▶ [WHAT THIS TASK INVOLVES]:
Return exactly the span of lines in the following data that opens with the line containing "Black Bay S&G image number 2" and closes with the line containing "Outdoor bonsai - Celastrus Jesenec". Include nothing else.

▶ [Web page caption snippets]:
----

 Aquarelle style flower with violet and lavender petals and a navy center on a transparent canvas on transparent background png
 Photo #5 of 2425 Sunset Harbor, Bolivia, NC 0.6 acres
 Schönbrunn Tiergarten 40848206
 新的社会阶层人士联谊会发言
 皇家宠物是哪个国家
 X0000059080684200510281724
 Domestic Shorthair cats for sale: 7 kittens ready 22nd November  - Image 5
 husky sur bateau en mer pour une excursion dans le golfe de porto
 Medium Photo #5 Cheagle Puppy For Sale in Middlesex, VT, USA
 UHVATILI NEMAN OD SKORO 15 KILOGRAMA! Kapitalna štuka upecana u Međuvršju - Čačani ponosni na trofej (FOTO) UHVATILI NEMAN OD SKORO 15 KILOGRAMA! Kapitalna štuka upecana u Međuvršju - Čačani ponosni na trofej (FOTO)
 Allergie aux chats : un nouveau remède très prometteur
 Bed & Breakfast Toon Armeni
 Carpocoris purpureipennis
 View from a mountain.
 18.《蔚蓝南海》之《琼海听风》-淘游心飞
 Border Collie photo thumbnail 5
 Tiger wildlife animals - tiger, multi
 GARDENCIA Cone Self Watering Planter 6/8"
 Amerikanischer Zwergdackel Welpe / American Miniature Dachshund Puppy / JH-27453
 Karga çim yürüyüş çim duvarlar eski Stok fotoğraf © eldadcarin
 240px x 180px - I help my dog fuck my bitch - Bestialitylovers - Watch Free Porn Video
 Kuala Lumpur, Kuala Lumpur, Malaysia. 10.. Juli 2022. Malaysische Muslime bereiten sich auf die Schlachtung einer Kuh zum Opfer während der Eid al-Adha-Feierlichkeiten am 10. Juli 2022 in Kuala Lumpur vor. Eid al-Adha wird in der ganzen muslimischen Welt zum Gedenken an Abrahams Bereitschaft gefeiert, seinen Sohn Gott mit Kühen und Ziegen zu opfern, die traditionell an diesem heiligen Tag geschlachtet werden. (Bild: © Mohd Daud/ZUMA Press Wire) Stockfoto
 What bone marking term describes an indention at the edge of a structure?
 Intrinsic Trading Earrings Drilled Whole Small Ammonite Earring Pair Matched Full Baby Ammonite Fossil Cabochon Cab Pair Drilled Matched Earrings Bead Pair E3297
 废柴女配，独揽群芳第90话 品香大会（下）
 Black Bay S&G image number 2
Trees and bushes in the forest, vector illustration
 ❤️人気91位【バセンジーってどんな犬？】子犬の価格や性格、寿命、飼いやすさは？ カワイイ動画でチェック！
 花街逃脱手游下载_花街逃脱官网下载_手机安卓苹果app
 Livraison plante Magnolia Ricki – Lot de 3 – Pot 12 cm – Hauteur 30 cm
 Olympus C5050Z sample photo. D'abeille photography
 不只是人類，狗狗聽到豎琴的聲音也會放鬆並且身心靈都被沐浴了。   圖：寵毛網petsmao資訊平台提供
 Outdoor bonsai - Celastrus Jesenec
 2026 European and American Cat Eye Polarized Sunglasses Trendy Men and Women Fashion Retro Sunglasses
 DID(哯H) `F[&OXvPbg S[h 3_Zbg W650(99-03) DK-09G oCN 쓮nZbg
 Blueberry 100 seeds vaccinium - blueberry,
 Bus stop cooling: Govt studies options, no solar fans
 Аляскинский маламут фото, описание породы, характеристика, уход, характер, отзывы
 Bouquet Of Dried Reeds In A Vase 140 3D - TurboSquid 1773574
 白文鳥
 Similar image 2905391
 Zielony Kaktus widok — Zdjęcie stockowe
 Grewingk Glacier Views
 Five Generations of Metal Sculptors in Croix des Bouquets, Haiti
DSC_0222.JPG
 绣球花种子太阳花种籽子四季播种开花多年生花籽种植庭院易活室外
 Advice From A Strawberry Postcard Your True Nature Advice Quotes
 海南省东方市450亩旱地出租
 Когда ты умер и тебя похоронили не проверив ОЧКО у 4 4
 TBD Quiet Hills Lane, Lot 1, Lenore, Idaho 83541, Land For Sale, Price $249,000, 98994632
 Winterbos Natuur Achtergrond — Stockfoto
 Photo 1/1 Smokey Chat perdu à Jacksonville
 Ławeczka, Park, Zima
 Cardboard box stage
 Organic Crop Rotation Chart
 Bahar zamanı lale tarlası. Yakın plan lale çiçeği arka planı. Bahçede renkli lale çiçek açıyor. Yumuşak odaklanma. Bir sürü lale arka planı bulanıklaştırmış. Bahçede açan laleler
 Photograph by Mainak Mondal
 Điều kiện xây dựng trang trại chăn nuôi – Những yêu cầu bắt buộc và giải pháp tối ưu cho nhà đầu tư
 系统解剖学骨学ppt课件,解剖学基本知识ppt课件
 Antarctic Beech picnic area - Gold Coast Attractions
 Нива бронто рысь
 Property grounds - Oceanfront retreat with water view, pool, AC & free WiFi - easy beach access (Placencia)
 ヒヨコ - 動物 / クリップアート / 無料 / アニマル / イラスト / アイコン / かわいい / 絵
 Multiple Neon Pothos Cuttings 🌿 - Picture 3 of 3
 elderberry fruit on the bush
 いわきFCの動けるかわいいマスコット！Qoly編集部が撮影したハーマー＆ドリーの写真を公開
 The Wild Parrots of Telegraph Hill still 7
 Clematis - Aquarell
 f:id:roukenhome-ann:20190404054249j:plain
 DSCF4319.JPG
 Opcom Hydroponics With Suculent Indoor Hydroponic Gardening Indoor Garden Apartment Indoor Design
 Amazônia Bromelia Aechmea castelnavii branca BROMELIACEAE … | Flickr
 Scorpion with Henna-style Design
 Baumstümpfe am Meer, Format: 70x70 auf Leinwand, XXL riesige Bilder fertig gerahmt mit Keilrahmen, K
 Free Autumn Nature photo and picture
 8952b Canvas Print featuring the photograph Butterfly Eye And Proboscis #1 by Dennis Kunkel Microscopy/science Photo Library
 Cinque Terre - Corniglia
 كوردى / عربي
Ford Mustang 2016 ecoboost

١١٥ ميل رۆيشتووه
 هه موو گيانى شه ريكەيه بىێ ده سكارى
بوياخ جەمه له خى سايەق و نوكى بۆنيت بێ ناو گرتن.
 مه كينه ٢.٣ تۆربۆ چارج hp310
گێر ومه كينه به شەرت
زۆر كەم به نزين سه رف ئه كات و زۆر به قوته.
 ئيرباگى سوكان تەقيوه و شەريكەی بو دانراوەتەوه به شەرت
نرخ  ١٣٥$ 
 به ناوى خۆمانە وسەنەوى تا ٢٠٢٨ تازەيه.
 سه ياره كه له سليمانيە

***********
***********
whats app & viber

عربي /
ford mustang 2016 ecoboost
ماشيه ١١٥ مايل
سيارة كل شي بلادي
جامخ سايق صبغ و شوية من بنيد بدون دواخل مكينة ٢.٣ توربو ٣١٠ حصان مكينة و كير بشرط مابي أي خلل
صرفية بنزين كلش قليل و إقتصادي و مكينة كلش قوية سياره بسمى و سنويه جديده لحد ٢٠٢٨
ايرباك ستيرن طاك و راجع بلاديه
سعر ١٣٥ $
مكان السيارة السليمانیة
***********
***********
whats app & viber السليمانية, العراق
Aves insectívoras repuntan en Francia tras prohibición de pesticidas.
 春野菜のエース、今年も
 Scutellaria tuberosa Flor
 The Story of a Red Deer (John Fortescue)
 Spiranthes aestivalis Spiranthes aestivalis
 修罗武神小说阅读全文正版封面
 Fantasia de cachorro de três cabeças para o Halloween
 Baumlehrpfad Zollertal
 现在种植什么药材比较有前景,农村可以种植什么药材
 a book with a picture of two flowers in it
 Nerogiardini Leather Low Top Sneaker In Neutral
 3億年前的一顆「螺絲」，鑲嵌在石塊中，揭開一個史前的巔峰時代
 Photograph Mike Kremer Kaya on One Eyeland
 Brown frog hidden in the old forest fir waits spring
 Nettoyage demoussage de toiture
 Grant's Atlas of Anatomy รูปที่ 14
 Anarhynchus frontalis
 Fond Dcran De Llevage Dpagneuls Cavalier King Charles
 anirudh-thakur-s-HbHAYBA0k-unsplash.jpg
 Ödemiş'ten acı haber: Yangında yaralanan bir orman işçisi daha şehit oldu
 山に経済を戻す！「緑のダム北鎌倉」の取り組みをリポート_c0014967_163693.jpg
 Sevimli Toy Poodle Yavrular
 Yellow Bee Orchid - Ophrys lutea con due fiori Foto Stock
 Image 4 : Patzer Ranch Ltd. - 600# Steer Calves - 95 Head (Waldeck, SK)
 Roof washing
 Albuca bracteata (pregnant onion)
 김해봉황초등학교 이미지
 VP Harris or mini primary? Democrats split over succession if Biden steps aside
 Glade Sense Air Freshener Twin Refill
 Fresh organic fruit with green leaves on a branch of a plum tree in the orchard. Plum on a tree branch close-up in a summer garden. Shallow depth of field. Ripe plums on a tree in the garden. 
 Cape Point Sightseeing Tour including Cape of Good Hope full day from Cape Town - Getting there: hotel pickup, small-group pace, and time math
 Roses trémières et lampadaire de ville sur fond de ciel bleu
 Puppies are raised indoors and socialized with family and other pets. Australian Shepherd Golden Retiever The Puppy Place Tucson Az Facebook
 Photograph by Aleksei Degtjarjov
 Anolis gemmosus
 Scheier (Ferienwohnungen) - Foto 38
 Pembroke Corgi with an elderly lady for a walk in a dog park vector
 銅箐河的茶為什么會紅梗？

----

▶ [PROBLEM SOLUTION]:
 Black Bay S&G image number 2
Trees and bushes in the forest, vector illustration
 ❤️人気91位【バセンジーってどんな犬？】子犬の価格や性格、寿命、飼いやすさは？ カワイイ動画でチェック！
 花街逃脱手游下载_花街逃脱官网下载_手机安卓苹果app
 Livraison plante Magnolia Ricki – Lot de 3 – Pot 12 cm – Hauteur 30 cm
 Olympus C5050Z sample photo. D'abeille photography
 不只是人類，狗狗聽到豎琴的聲音也會放鬆並且身心靈都被沐浴了。   圖：寵毛網petsmao資訊平台提供
 Outdoor bonsai - Celastrus Jesenec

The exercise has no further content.